Originally Posted by Catfish11
84 c-10 swb
ac power brakes
I am looking to get a new alumn. intake, currently using the stock iron. I have had problems with the heat cross over all year long. My carb keeps showing signs of gas at the top front gasket area and the engine is hard to start when hot. When the engine is cold it starts fine.The carb is a new rebuild from SMI, quadrajet. I have drop the fuel level to the lowest level possible and its still does the same. My conclusion is that the heat cross over on the stock intake is causing the fuel in the bowl to heat up . I am going to get a new alum intake soon and wanted to block off the heat cross over. I am in the D-FW area of Tx and temps are never freezing for long , maybe 5 days of freezing temps this year. We are also have hot temps almost all year long. While I am at it do I need the egr valve? I read that a performance engine is not needed but a DD that rpms will stay low it would be a good idea. What say you?
What are the emission rules where you live? Do you have to pass an inspection to license the machine? If you do then changes need to be done in concert with the rules you face.
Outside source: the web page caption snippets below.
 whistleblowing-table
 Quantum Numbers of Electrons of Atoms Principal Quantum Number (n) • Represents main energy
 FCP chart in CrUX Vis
What you're seeing with the carb is fuel percolation from the heat of the manifold. Whether the exhaust cross over is to blame as opposed to just the heat of the warmed up engine I can't say. Often a heat shield needs to be between the carb and the intake. Some intakes also funnel exhaust heat into the bottom of the carb around the primary throttle bore to heat them up so the fuel vaporizes better and to reduce ice formation around the butterflies. If this is functional it can be shut off with high temp RTV injected into the exhaust supply holes in the manifold. You can also use a thermal spacer between the carb and manifold made of wood or plastic these are at the on-line or local hot rod shops.
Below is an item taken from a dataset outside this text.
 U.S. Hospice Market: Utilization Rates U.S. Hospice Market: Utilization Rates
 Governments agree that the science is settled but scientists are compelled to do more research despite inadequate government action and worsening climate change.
Aluminum intakes, with the exception of air gap styles, run hotter sooner than cast iron so they heat up an vaporize fuel pretty well soon after start up thus not needing a the exhaust heat cross over to force the situation. If you lived where the weather is cool to cold I'd be leery of turning the cross over off but in the usually warm southwest I don't see this as much of a problem.
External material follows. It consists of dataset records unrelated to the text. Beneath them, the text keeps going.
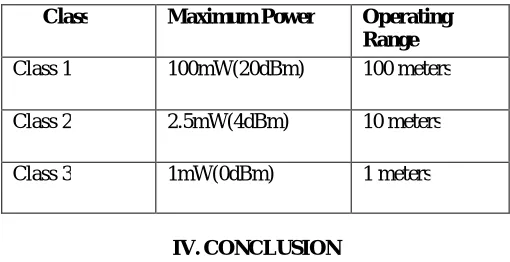 TABLE II: Operating Ranges  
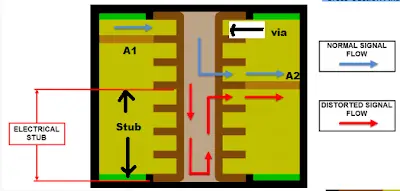 The Impact of Via Design on PCB Prototyping: Minimizing Signal Loss and Maximizing Performance
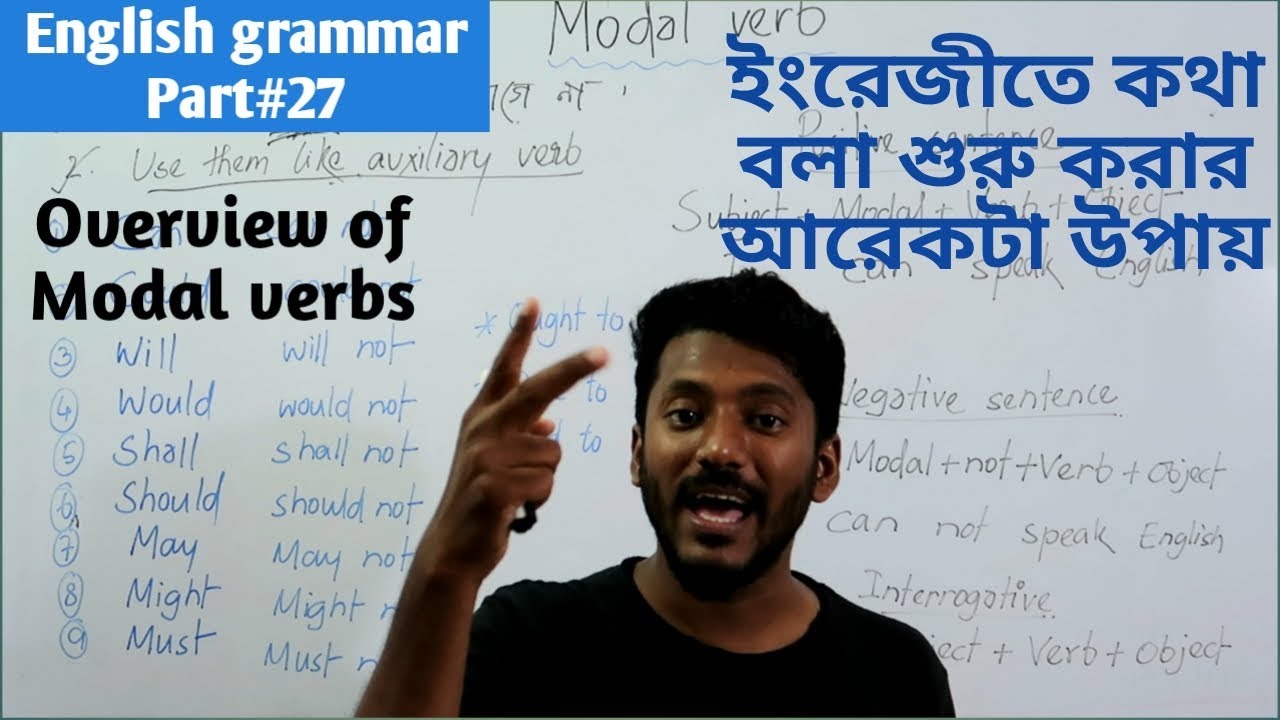 Overview of Modal verbs | খুবই important খুবই সহজ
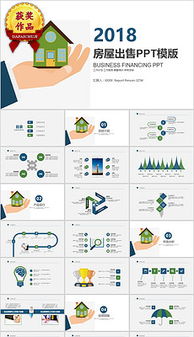 房产评估资料怎么编辑的 房产评估资料怎么编辑的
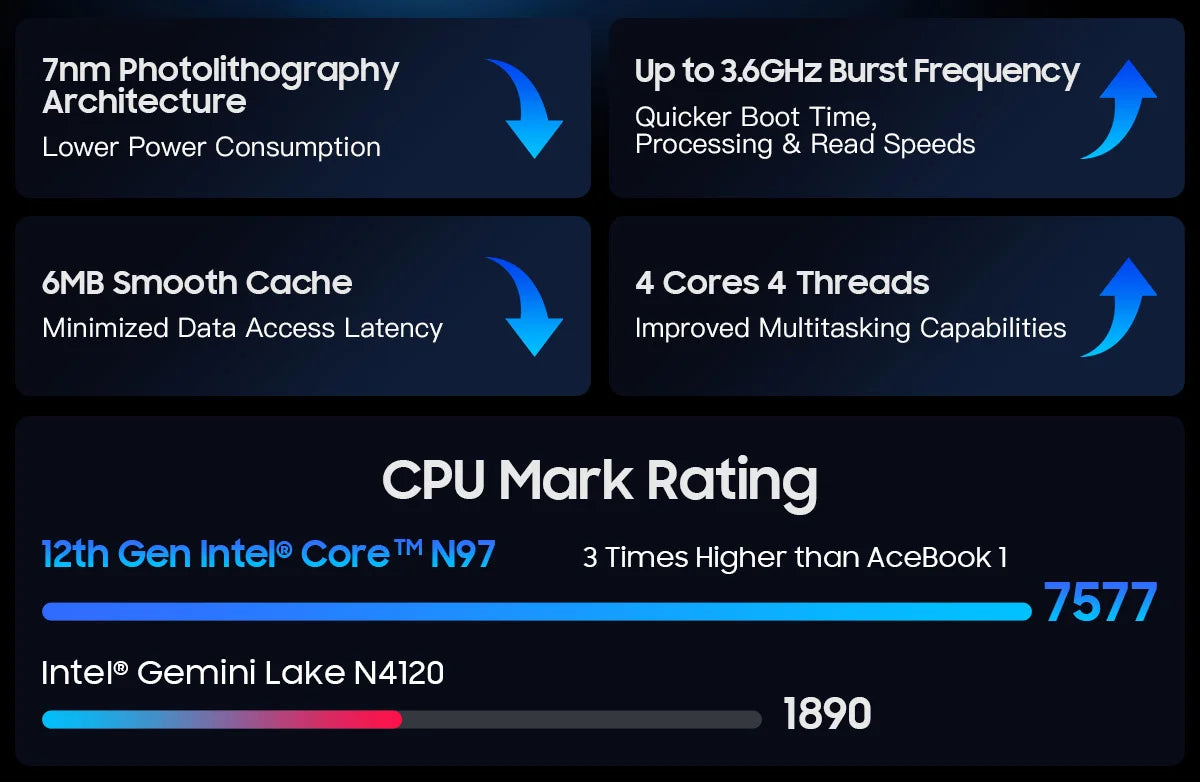 Laptop Blackview AceBook 8 15.6" 12th Gen Intel Alder Lake N97 16GB RAM 512GB SSD + extensie până la 1TB Windows 11 Home 15.6"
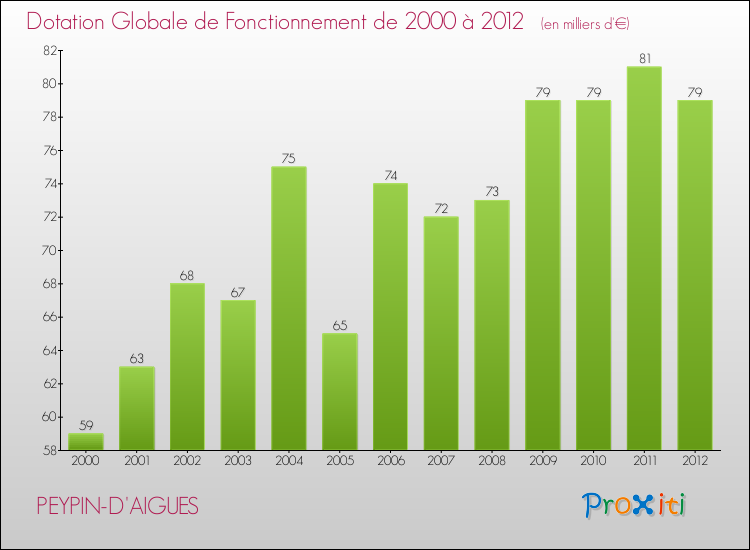 Evolution du montant de la Dotation Globale de Fonctionnement pour la commune de PEYPIN-D'AIGUES de 2000 à 2012 Evolution du montant de la Dotation Globale de Fonctionnement pour PEYPIN-D'AIGUES de 2000 à 2012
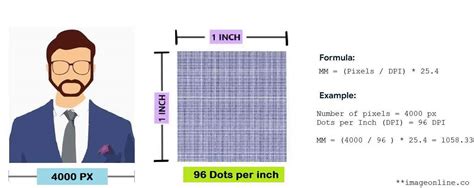 millimeter to pixel conversion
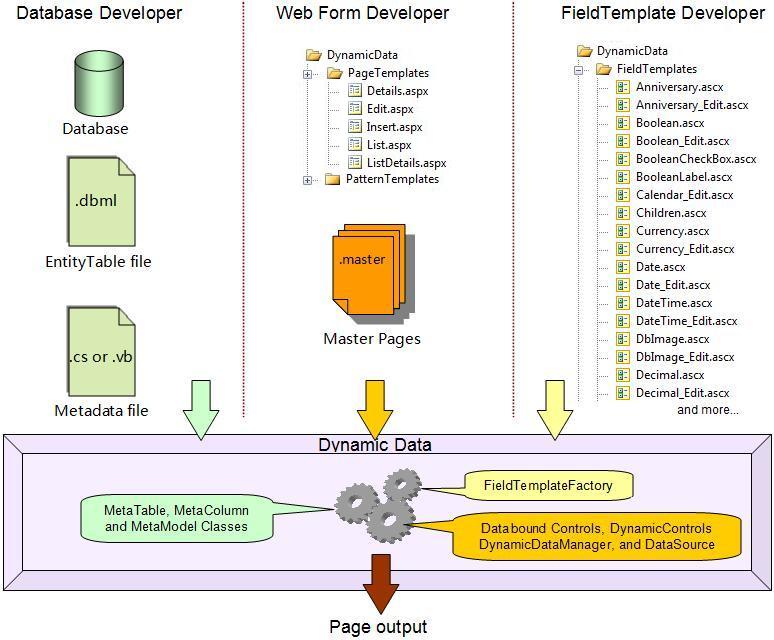 Developer Roles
EGR of course is a potential legal issue so as I said early on, check the local licensing codes and even if you're currently exempt, check where things are going in the future. Its a pain to have to put the emission stuff back on in a year or two after you lost the parts. EGR is in my mind a non-issue concerning the making of power, when functioning correctly, the only time it works is in cruise. It's out of the circuit at idle and WOT, or at least was designed to be, failures of the EGR or its controls are what cause problems resulting in these things being on or off at the wrong times. If not used, EGR, the mixture needs to be richened a jet size or two as the carb will draw air to replace the missing exhaust gas so this usually leads to insufficient fuel delivery without a jet or metering rod adjustment.
The real issue with these early emission engines isn't the emissions equipment hung on the motor, but rather the compromises to cam and ignition timing, compression, and combustion chamber efficiency made inside. Actually keeping AIR, PCV, and EGR systems functional while adding new style high compression heads with efficient combustion chambers like the Vortecs or even the Swirl Ports with a cam up around 200-215 degrees at .050 inch with an LSA of 112-116 degrees will add 100 horses. Combine that with long tube headers, true duals and dual cats and it will pass an emissions test with no problems if the engine is tight inside, you know no oil around the rings nor down the guides.
These compromises to the engine design were made because the factory's had to guarantee to the government that these things would be low emission engines for 50,000 miles or more with no owner maintenance. So it's easy to jack up the performance and still pass emissions as long as you stay on top of tune and internal wear.